• _REQUIREMENT_:
Search the records for the word "Return". Copy every line where it appears.

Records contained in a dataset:
- - -

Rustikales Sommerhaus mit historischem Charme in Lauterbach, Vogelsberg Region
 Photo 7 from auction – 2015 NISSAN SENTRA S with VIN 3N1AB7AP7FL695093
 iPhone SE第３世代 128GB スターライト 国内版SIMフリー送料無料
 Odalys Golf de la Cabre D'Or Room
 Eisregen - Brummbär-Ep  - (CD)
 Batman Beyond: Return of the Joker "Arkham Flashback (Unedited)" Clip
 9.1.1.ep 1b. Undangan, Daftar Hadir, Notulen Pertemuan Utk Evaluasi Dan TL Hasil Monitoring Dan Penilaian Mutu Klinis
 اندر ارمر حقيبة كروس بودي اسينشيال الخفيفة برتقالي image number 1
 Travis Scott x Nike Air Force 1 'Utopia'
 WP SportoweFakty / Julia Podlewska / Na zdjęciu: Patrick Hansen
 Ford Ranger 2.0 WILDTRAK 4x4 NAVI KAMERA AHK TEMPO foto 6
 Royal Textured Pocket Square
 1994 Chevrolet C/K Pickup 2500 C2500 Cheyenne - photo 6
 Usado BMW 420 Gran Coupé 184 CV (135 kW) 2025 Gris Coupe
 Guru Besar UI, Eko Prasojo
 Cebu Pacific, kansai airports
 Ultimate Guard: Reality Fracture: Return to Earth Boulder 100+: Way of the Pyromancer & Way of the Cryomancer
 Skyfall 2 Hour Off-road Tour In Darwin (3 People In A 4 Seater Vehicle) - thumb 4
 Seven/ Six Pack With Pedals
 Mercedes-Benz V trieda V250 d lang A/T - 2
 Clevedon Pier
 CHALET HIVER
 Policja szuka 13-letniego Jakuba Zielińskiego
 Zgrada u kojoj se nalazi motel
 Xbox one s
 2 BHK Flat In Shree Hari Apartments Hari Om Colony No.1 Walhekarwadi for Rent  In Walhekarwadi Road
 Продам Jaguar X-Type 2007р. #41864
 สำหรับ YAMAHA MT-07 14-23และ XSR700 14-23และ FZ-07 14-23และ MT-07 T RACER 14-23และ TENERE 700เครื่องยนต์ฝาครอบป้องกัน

- - -

• _COMPLETED TASK_:
 Batman Beyond: Return of the Joker "Arkham Flashback (Unedited)" Clip
 Ultimate Guard: Reality Fracture: Return to Earth Boulder 100+: Way of the Pyromancer & Way of the Cryomancer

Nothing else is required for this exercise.